And these things can happen at that interface in your DevOps toolchain between having source code and that source code becoming an executable. That compilation or that build step can be hijacked in funny ways. And one of the examples we see attackers using called typosquatting, and that's taking advantage of a human error, where as a developer or a DevOps, a person in that role, you might accidentally misspell the name of some dependency, like PostgreSQL. Maybe I replace or switch the Q and the L and just spelling it out in my dependencies, and an attacker might actually publish a misspelled version of that dependency, such that when I go to build, the misspelled version is brought in from the attacker rather than what was intended.

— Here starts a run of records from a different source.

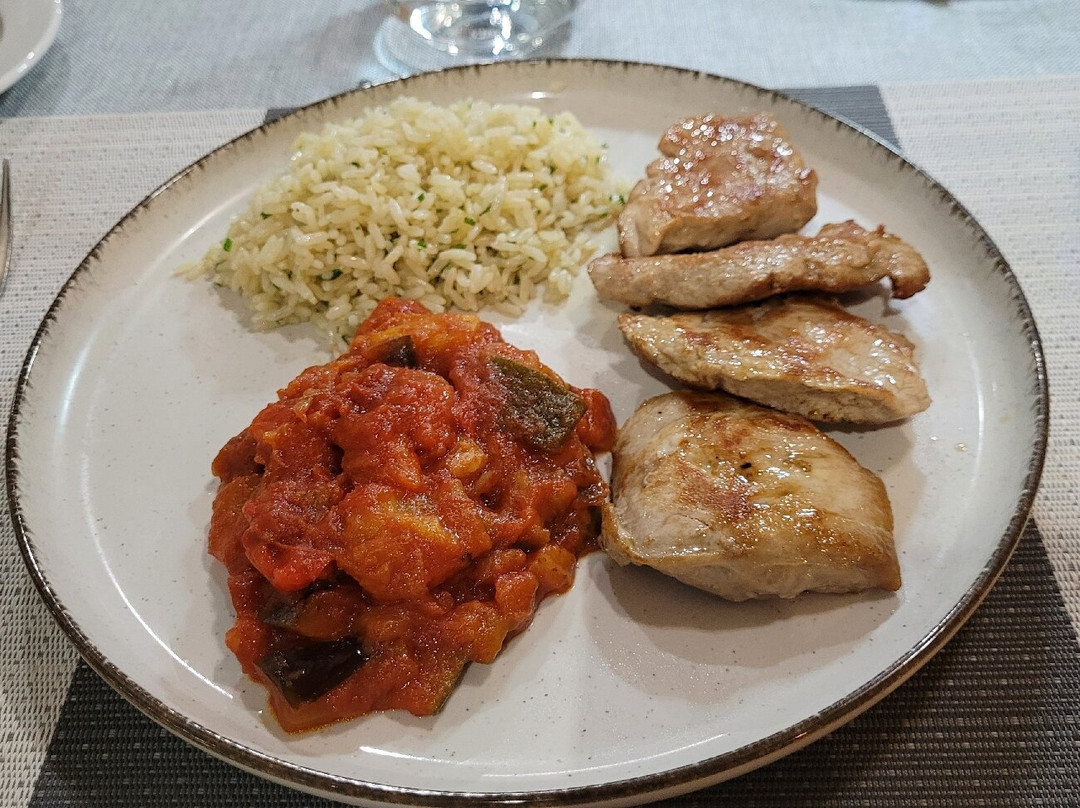 蒙嘉庄园酒店主图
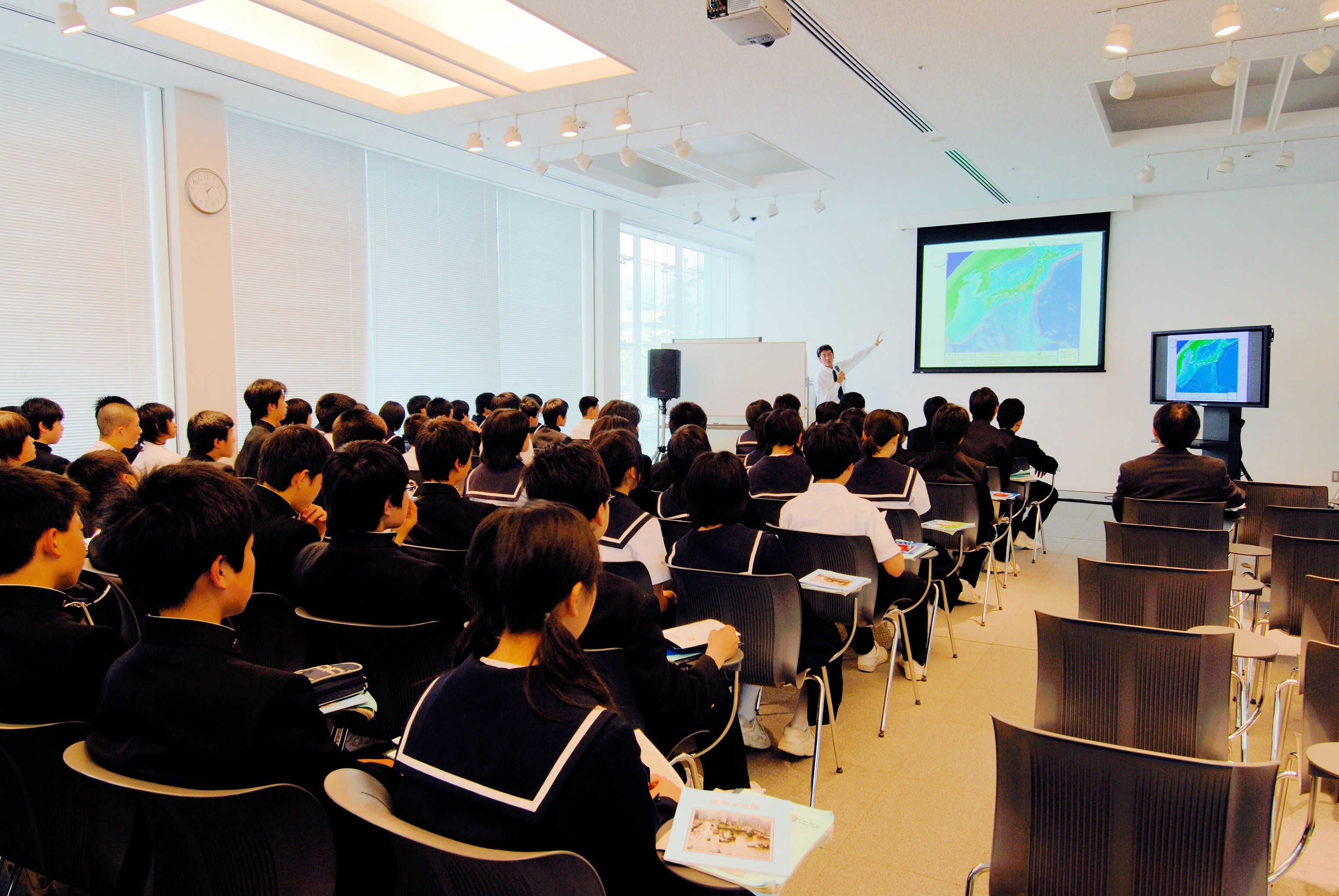 Trung tam Tuong lai Con nguoi va Phong chong thien anh 14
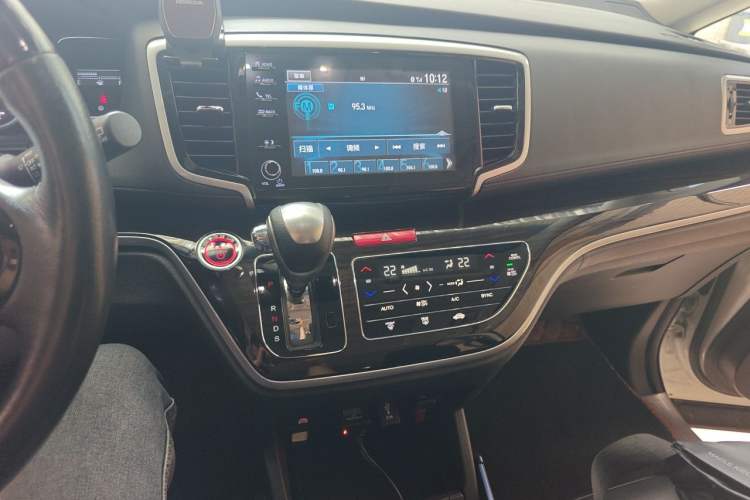 Used Honda Odyssey 2019 2.0L Rui·Smart Edition Audio And AC Panel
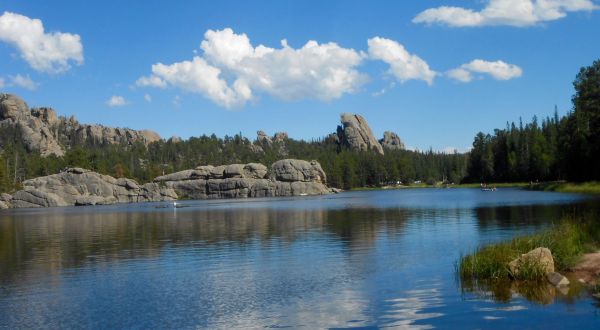 This Underrated Trail In South Dakota Leads To A Hidden Turquoise Lake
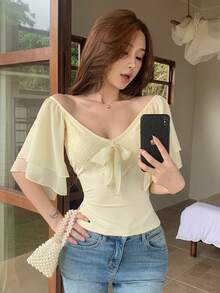 Joudiya Áo thun nữ thanh lịch với ren xoắn phía trước và tay áo bồng bềnh. - Vàng nhạt - Xem 1
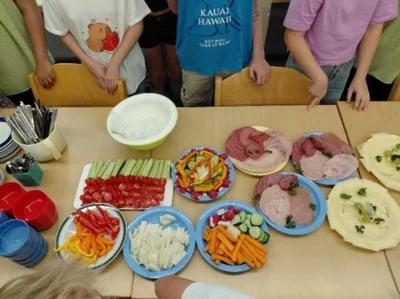 Gruppenarbeit einmal anders (Bild vergr&ouml;&szlig;ern)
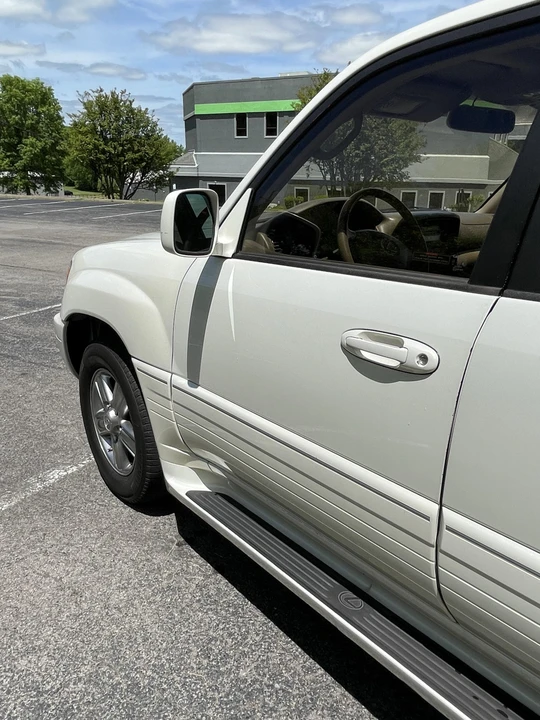 2001 Lexus LX 2nd Gen - Image 25 of 31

There's a number of other types of attacks that all kind of fall into a similar category. And finally, there's this notion of credentials. This is where oftentimes during a development phase or a testing phase, a container image or the surrounding metadata might contain internal organizational credentials in order to do some testing or some internal work. Might be hard-coded in the code or in configuration files. Sometimes they can accidentally be left inside of a container image, which then an attacker will watch to see all of the public stuff that's being published by an organization.

They're constantly looking to see if credentials are left in these artifacts, and if they are, they can take those credentials and then perform some other type of attack, and maybe in one of these other categories using those credentials. So I think with that, we're going to switch over to Paul, who's going to give us a demonstration and some practical advice about how to protect ourselves as an organization that's building software from some of these types of attacks.

Paul Novarese

Okay. Thanks, Dan.

Right. Now that we've seen the kind of conceptual ideas behind these types of attacks, we'll try to turn it into some practical measures that we can take to not only detect these types of attacks, but prevent them in some cases. Right. So we'll start right here. Keep this in mind. I'll refer back to this slide, these different categories of attacks. Before we go too far, though, I want to start by showing how Anchore Enterprise actually does scan these container images and keep track of the components inside. So we'll talk a lot about the software bill of materials.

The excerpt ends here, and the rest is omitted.